Tools provide a framework for you to show how you broke the target. Even if you end up doing something custom that a tool cannot do, it is better if you can configure a known tool to repeat it for you. If for no other reason, but that the client can test their mitigations.
Tools are not the definitive suite of tests, but they do provide context and a common frame of reference. This is very useful when communicating to development teams. I've provided reports from a tool saying that a site is vulnerable to ' OR 1==1
only to have them come back saying that they fixed it. But it failed again when I reconfigured the tool to test for ' OR foo==foo
. The tool provides the basis to say that the values do not matter, but the program logic, and they can run tests on different value ranges themselves.
Among other things, Burp allows you to get a good look of the layout of a web app through spidering- exposing source code and dependencies, directory layout, even API methods that are being called, etc. Much of this can be done simply with the browser dev tools, though trying to manage this within a browser's dev tools would likely prove to be insane.
Furthermore, as a proxy, Burp allows for the interception of requests. For this reason alone, a web proxy like Burp is an absolute requirement. This is especially useful for allowing you to bypass client-side validation and easily send repeat requests, among other things.

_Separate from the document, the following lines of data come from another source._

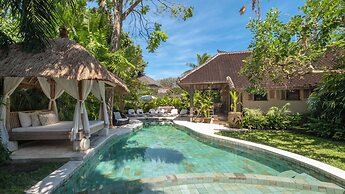 Villa Koyama by Villa Finder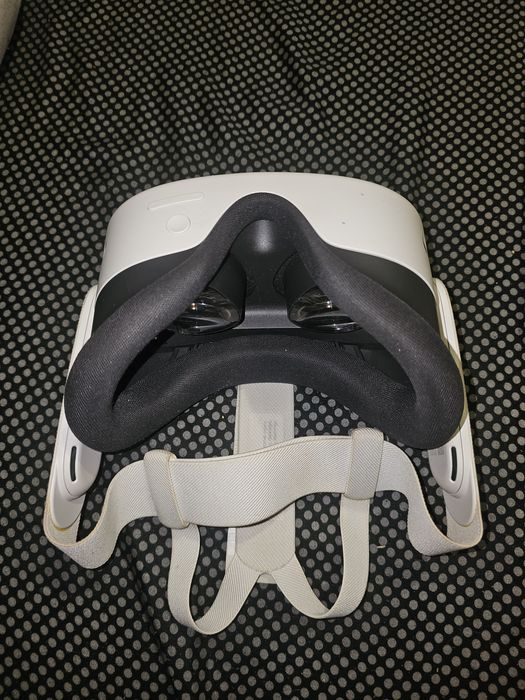 Cască VR Meta Quest 2 + controllere – stare foarte bună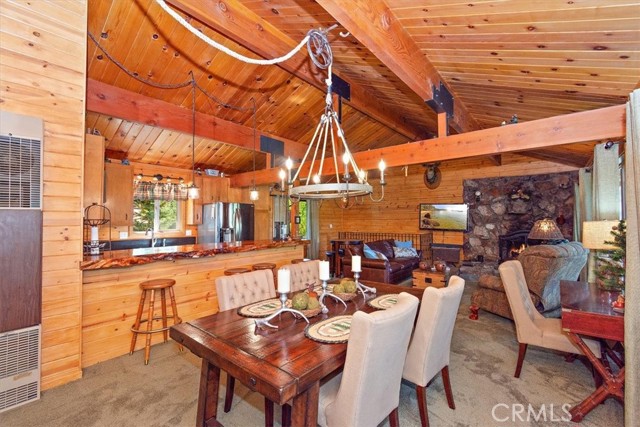 Detail Gallery Image 9 of 42 For 740 Cove Dr, Big Bear Lake,  CA 92315 - 3 Beds | 2 Baths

XSS and SQLi can be performed without these tools, as you have pointed out, though you may begin to run into issues needing to bypass client-side restrictions that a proxy will likely help with.
Nmap is an entirely different animal, though in short, is not entirely necessary as port scans can be performed with nc
or custom scripts. Nmap simply provides you with a suite of helpful commands like running custom lua scripts to automate tasks further. Much more can be said about this.
SQLMap is another tool that- is also not entirely necessary- helps aid and automate testing for SQLi. Much more can be said about this as well.
All in all, these tools can only ever aid you in automating some of your work and to assist you in covering a larger attack surface in a shorter amount of time.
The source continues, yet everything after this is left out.